つやつやとした脂が滲み出ている。人と目を合わせることが苦手な私も、この吸い込まれそうな焼き目とはしっかり目を合わせることができる。
箸を入れるとふわっと解ける。さすが良い鰻を使っている。
タレの染みたご飯と共に口に運ぶと、やっぱりどうしたって笑顔が弾ける。ビールと流し込めば、体のいろいろな部分が弛緩する。
この替えの効かない特別感が好きだ。
ナスの蒲焼丼みたいなレシピや、スーパーの鰻をふっくら焼き上げる方法みたいなものをよく見かけるが、私はそれらには目もくれない。
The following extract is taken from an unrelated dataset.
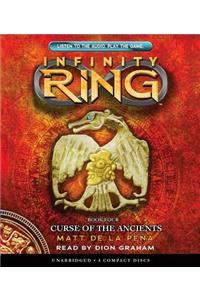 Curse of the Ancients (Infinity Ring, Book 4), 4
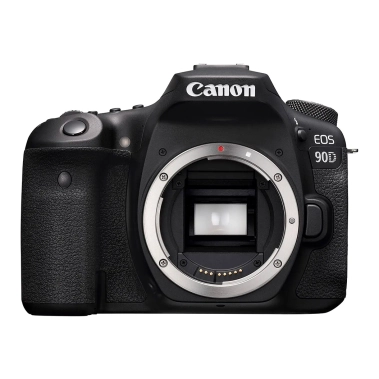 Фотоапарат Canon EOS 90D Body (3616C026) - цена, характеристики, отзывы, рассрочка, фото 1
そういった代替案的なものを否定しているわけではない。ナスの蒲焼も驚くほど美味いのだが、どうしたって鰻にはなり得ない。
私は歴史を感じる店で、しっかり重に入った特別な鰻が食べたいのだ。
だから一夏に二鰻、三鰻とは言わない。
一鰻で満足できる至高の鰻を食べたい。
(怒りが収まらない時に鰻を食べるというMYルールもあるので、複数鰻行く場合もあるが)
テクノロジーがいくら発展しても、しっかり現金で払いたくなるようなそんな気分なんだ。
この先もずっと一夏一鰻を食べたい。それは自分が今幸せに生きていられるかどうかの判断軸にもなる。鰻を食べて夏を終えられたのならそれはこの上ない幸せだ。